Exercise inputs Block Start

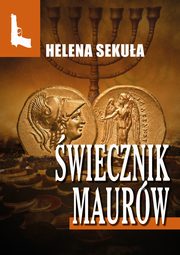 wiecznik Maurw, Helena Sekua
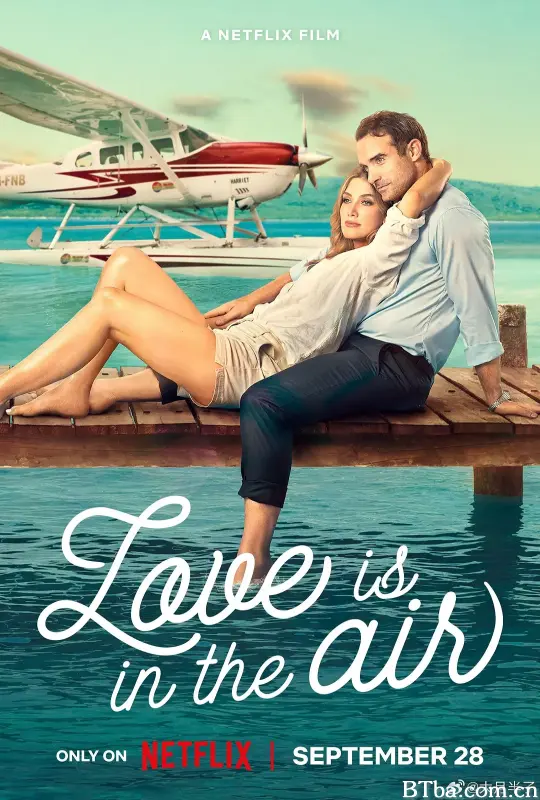 爱在云霄 Love Is in the Air (2023) 1080P/720P BT磁力 迅雷网盘下载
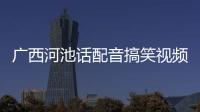 廣西河池話配音搞笑視頻:河池話你好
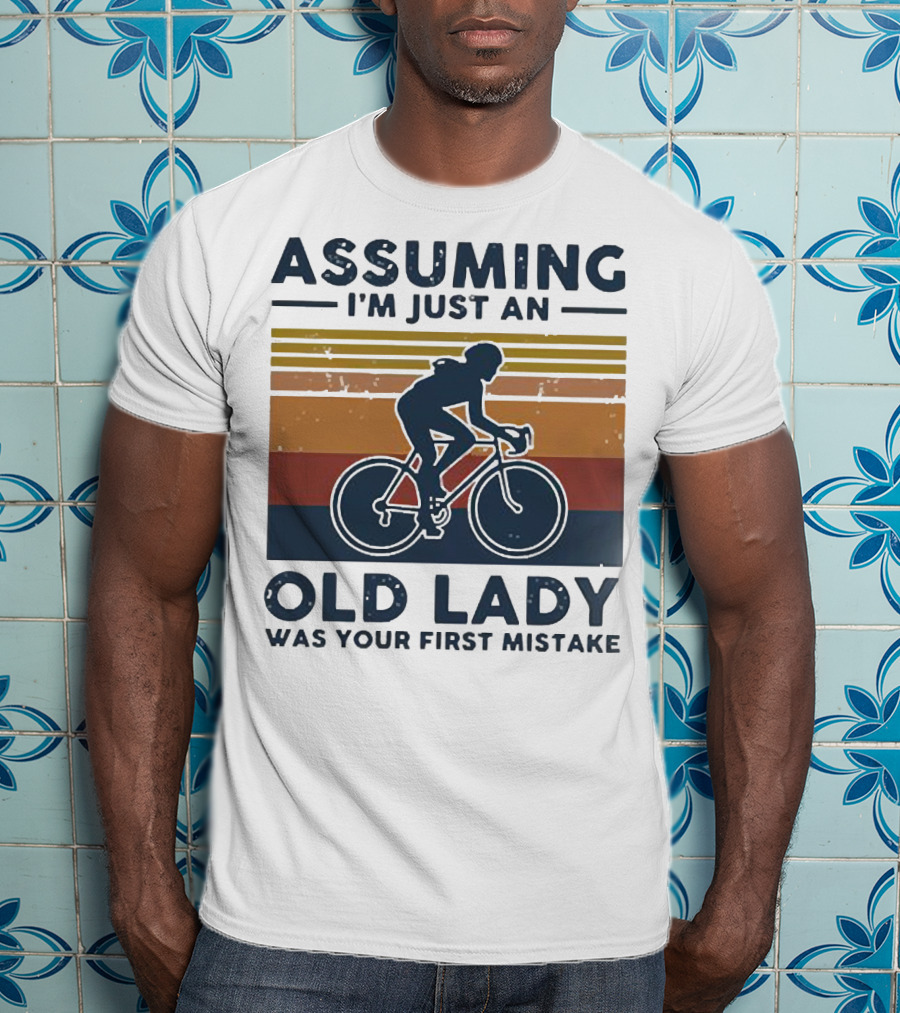 Assuming I'm Just An Old Lady Was Your First Mistake Cycling Retro Vintage Stripes T-Shirt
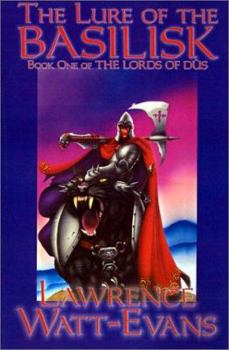 The Lure of the Basilisk - Book #1 of the Lords of Dûs
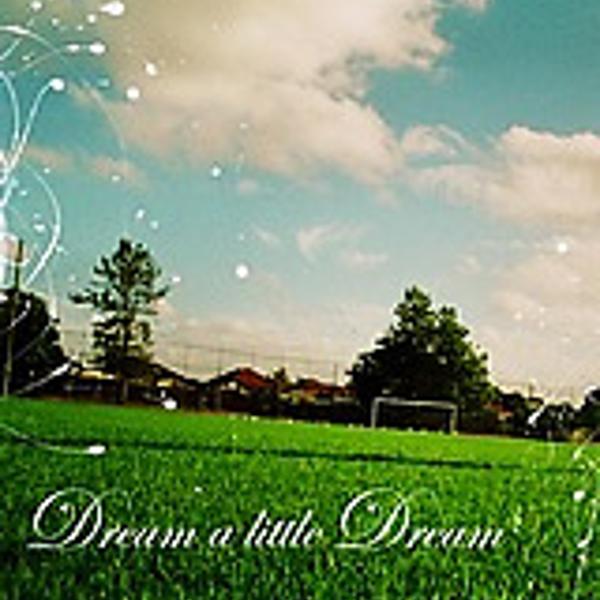 Dream A Little Dream все песни в mp3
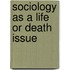 Sociology as a Life or Death Issue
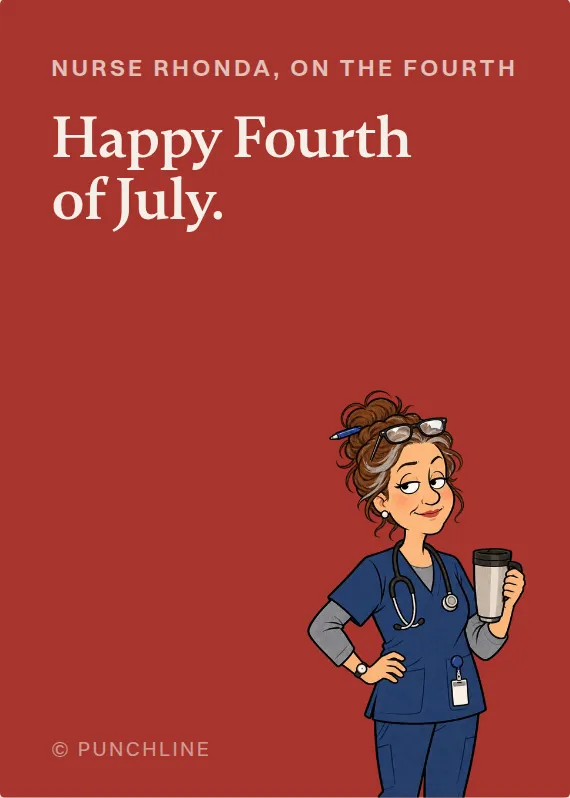 Nurse Rhonda fourth of july card: Happy Fourth of July.
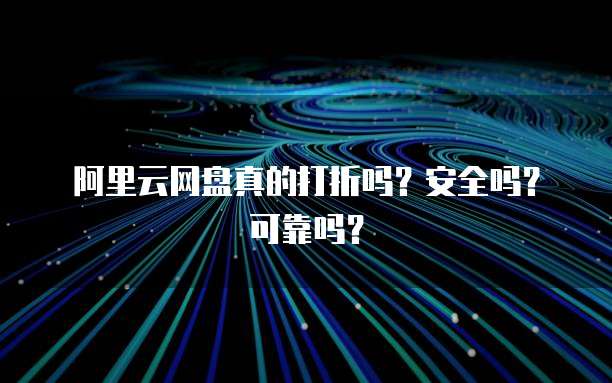 阿里云网盘真的打折吗?安全吗?可靠吗?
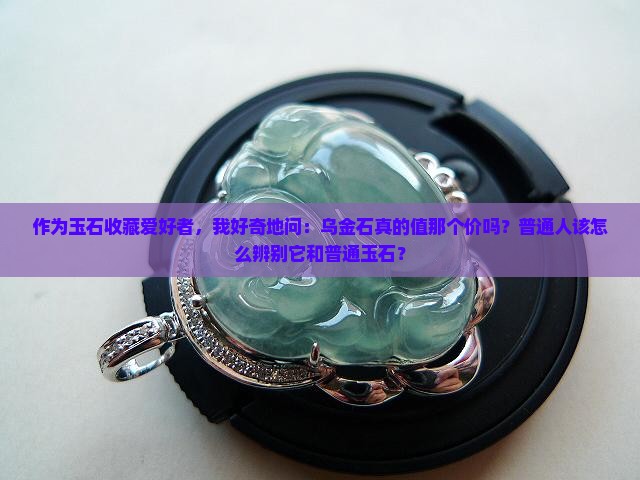 作为玉石收藏爱好者，我好奇地问：乌金石真的值那个价吗？普通人该怎么辨别它和普通玉石？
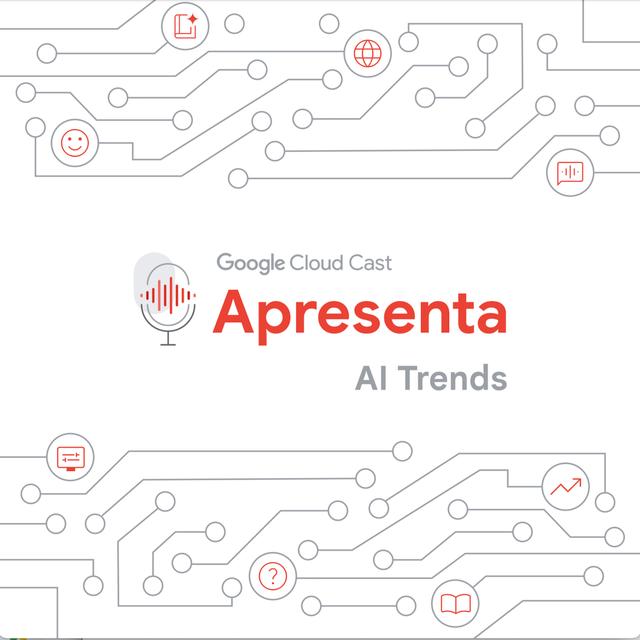 Teaser | Google Cloud Cast Apresenta: AI Trends - podcast episode cover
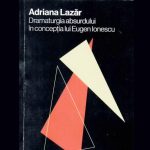Semnal editorial Dramaturgia absurdului la Eugen Ionescu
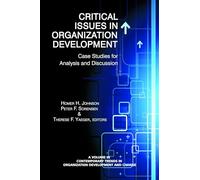 Critical Issues in Organization Development: Case Studies for Analysis and Discussion (HC) (Contemporary Trends in Organization Development and Change)
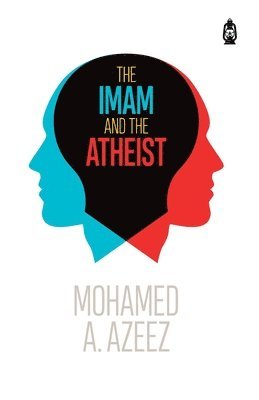 Mohamed A. Azeez - Imam and the Atheist, Häftad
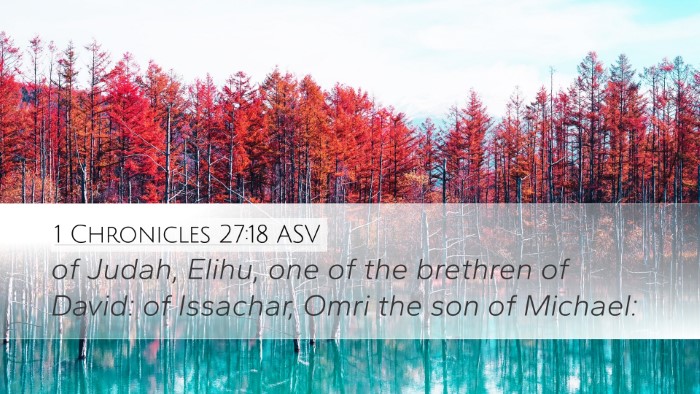 1 Chronicles 27:18 ASV Bible Verse Image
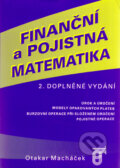 Kniha: Finanční a pojistná matematika (Otakar Macháček). Prospektrum, 2001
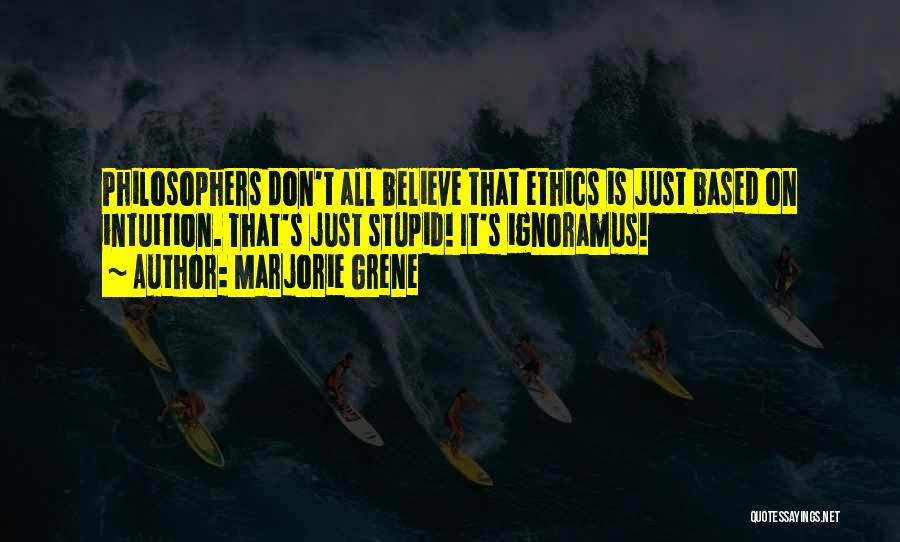 Marjorie Grene Quotes: Philosophers Don't All Believe That Ethics Is Just Based On Intuition. That's Just Stupid! It's Ignoramus!
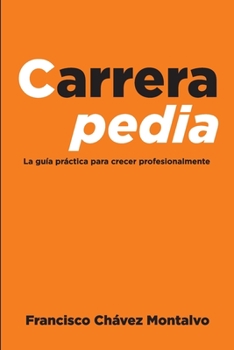 Paperback Carrerapedia: La guía práctica para crecer profesionalmente [Spanish] Book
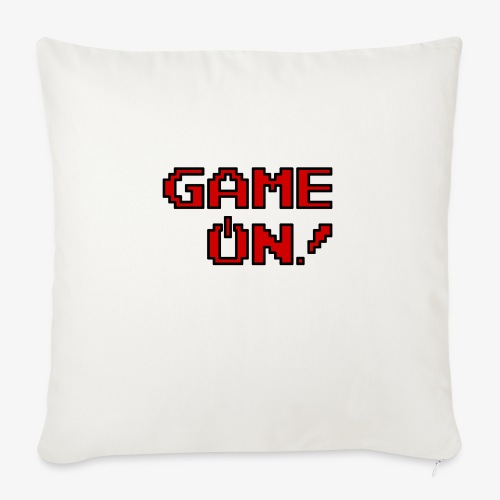 Game On.png - Throw Pillow Cover 17.5” x 17.5”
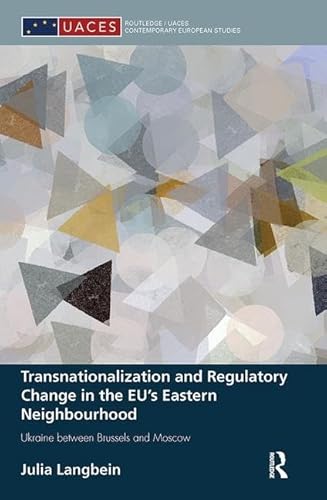 Stock image for Transnationalization and Regulatory Change in the EU's Eastern Neighbourhood: Ukraine between Brussels and Moscow (Routledge/UACES Contemporary European Studies) for sale by Chiron Media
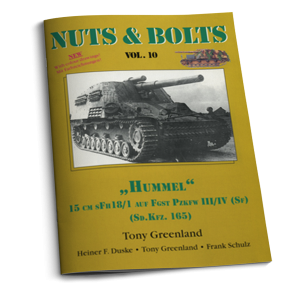 Nuts and Bolts Vol 10: Sd.Kfz. 165 - 15 cm sFH "Hummel"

Exercise inputs Block End

* Task prompt
Return each record above as it stands. Pictures stay out.

* Output below
 wiecznik Maurw, Helena Sekua
 爱在云霄 Love Is in the Air (2023) 1080P/720P BT磁力 迅雷网盘下载
 廣西河池話配音搞笑視頻:河池話你好
 Assuming I'm Just An Old Lady Was Your First Mistake Cycling Retro Vintage Stripes T-Shirt
 The Lure of the Basilisk - Book #1 of the Lords of Dûs
 Dream A Little Dream все песни в mp3
 Sociology as a Life or Death Issue
 Nurse Rhonda fourth of july card: Happy Fourth of July.
 阿里云网盘真的打折吗?安全吗?可靠吗?
 作为玉石收藏爱好者，我好奇地问：乌金石真的值那个价吗？普通人该怎么辨别它和普通玉石？
 Teaser | Google Cloud Cast Apresenta: AI Trends - podcast episode cover
Semnal editorial Dramaturgia absurdului la Eugen Ionescu
 Critical Issues in Organization Development: Case Studies for Analysis and Discussion (HC) (Contemporary Trends in Organization Development and Change)
 Mohamed A. Azeez - Imam and the Atheist, Häftad
 1 Chronicles 27:18 ASV Bible Verse Image
 Kniha: Finanční a pojistná matematika (Otakar Macháček). Prospektrum, 2001
 Marjorie Grene Quotes: Philosophers Don't All Believe That Ethics Is Just Based On Intuition. That's Just Stupid! It's Ignoramus!
 Paperback Carrerapedia: La guía práctica para crecer profesionalmente [Spanish] Book
 Game On.png - Throw Pillow Cover 17.5” x 17.5”
 Stock image for Transnationalization and Regulatory Change in the EU's Eastern Neighbourhood: Ukraine between Brussels and Moscow (Routledge/UACES Contemporary European Studies) for sale by Chiron Media
 Nuts and Bolts Vol 10: Sd.Kfz. 165 - 15 cm sFH "Hummel"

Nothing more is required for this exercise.